What to work on: Write every record below out exactly; no images.

Provided material Start Marker

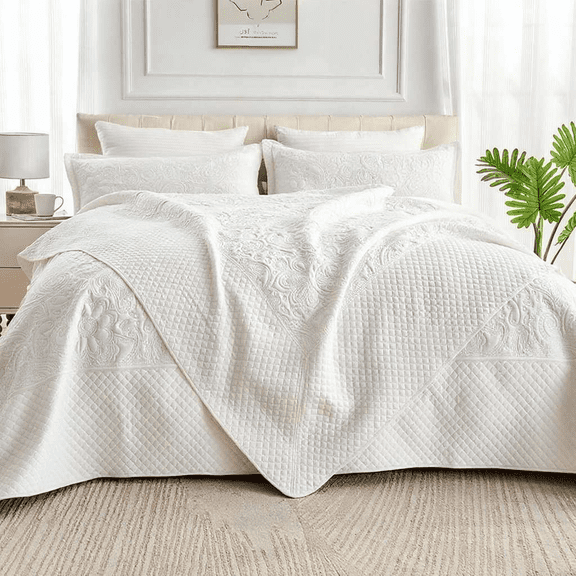 Oversized King Quilt 132 x 120 Inches with 2 Pillow Shams Floral Pattern Soft Microfiber Lightweight Bedspread White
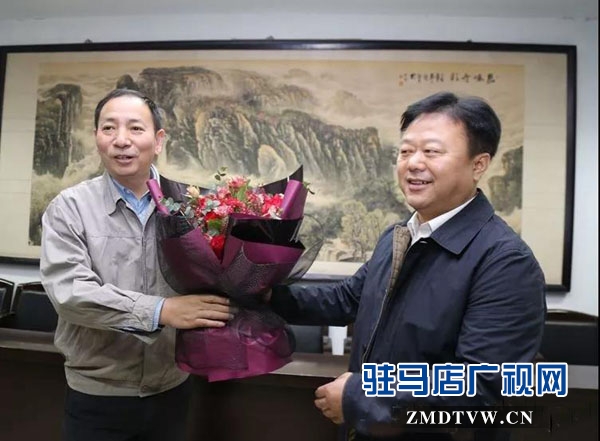 陳星深入市重點(diǎn)企業(yè)走訪慰問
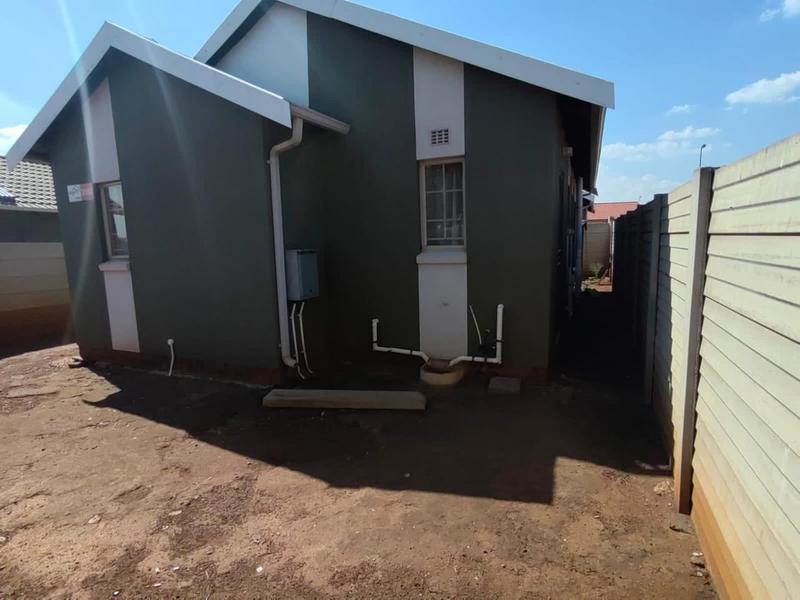 2 Bedroom Property for Sale in Sky City Gauteng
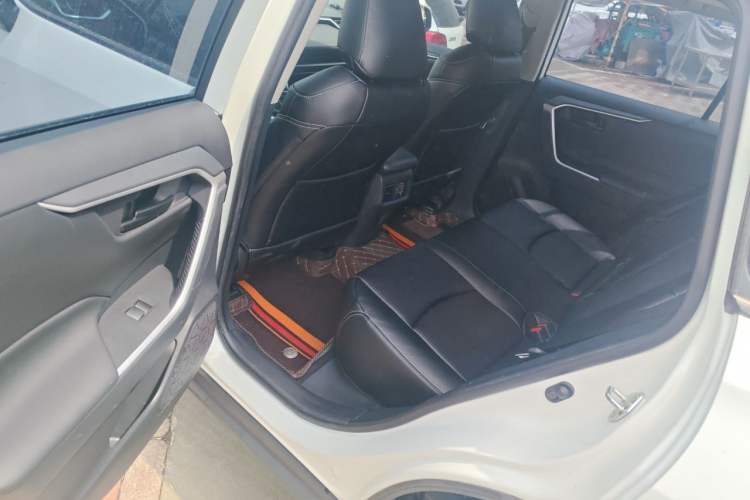 Used Toyota RAV4 2020 2.0L CVT Two-Wheel Drive Urban Edition Left Rear Seat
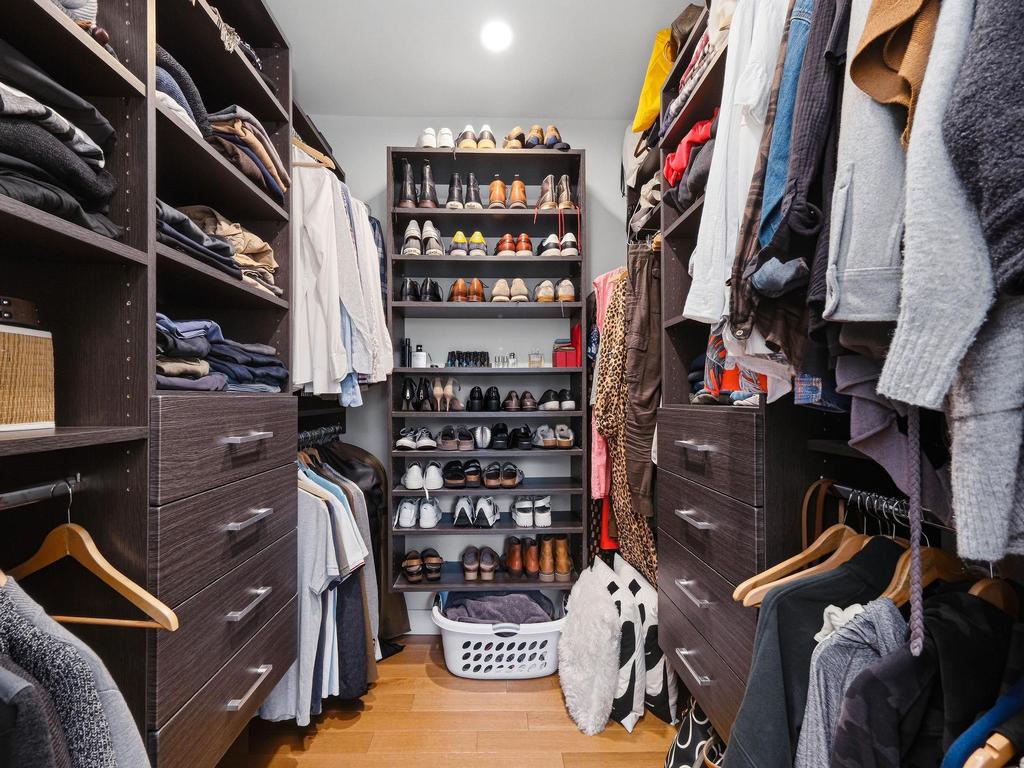 Listing Image for R3100015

Provided material End Marker

Expected answer:
 Oversized King Quilt 132 x 120 Inches with 2 Pillow Shams Floral Pattern Soft Microfiber Lightweight Bedspread White
 陳星深入市重點(diǎn)企業(yè)走訪慰問
 2 Bedroom Property for Sale in Sky City Gauteng
 Used Toyota RAV4 2020 2.0L CVT Two-Wheel Drive Urban Edition Left Rear Seat
 Listing Image for R3100015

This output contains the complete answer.